Due to the complexity of the interaction problems, analytical solutions are rarely used and desired alternatives would be a numerical approach (Dinev 2012; Hassan and Doha 2015; Ai and Cai 2016). The FEM is still popular method in this domain (Bourgeois et al. 2012; Su and Li 2013) but it has disadvantages compared to BEM and spectral element method (SEM) (Omolofe 2013; Mokhatari et al. 2016) using absorbent frontier modeling. The FEM requires the discretization of the domain to high number of finite elements but the problem can be solved with BEM where only the boundary of the domains involved can be discretized (Padron et al. 2011; Ai and Cheng 2013; Ribeiro and Paiva 2014).

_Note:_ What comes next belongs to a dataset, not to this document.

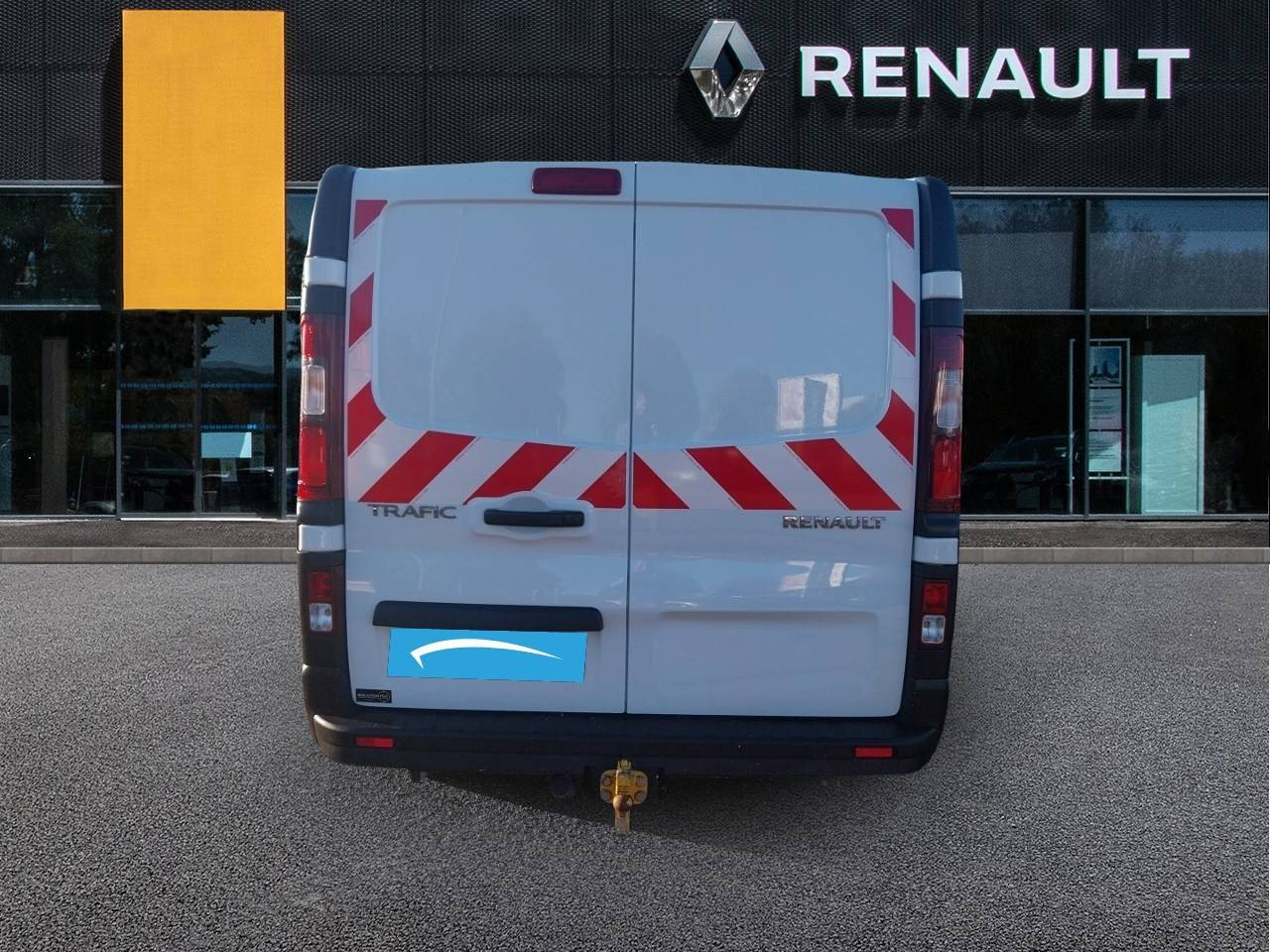 Vente en ligne Renault Trafic 3 Fourgon TRAFIC FGN L2H1 1300 KG DCI 120 au prix de 19 990 €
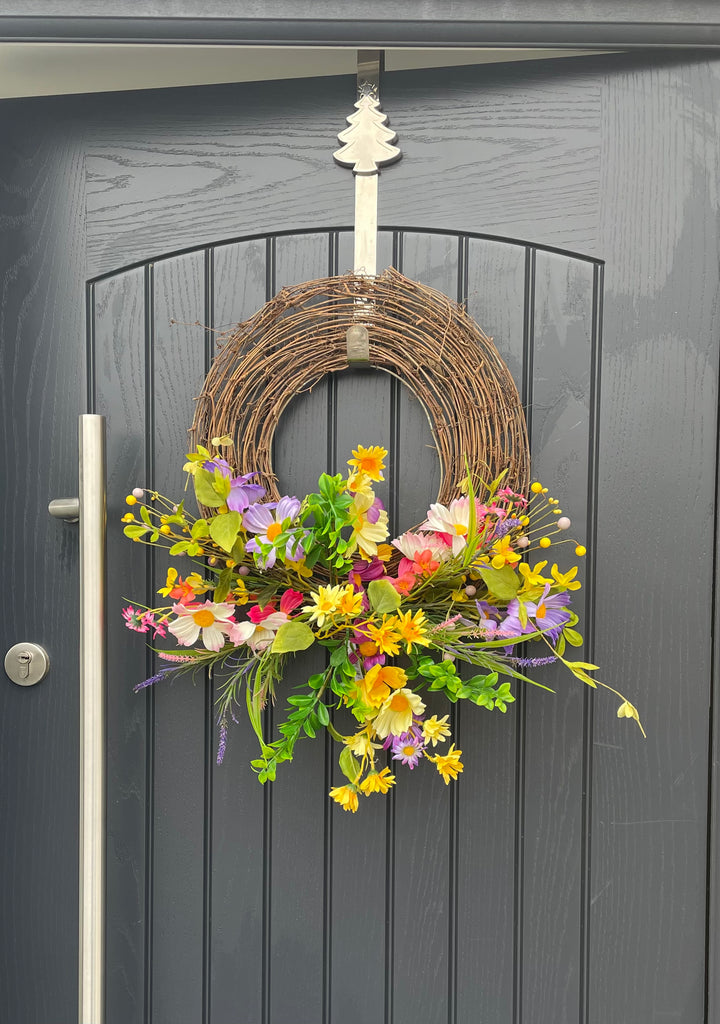 Cosmos Flower Wreath With Berries 50cm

Beam using Winkler foundation model (1867) is used in various practical problems. In this approach, the foundation flexibility is considered as a set of continuous springs and has employed to model soil-structure interaction (Kim and Yang 2010; Chore et al. 2010; Sapountzakis and Kanpitsis 2011; Raychowdhury 2011; Limkatanyu et al. 2012). Springs introduced provide a resistance in the vertical direction only confining the deformation of the soil foundation. Evidently, the one-parameter soil foundation model suffers a handicap due to the discontinuity in the supporting medium. To improve the Winkler model, two-parameter and three-parameter soil foundation models have been developed taking into consideration shear deformations of the soil. To overcome the one-parameter foundation model deficiencies, many researchers proposed various foundation models to describe rigorously soil response insuring the interconnection between vertical springs.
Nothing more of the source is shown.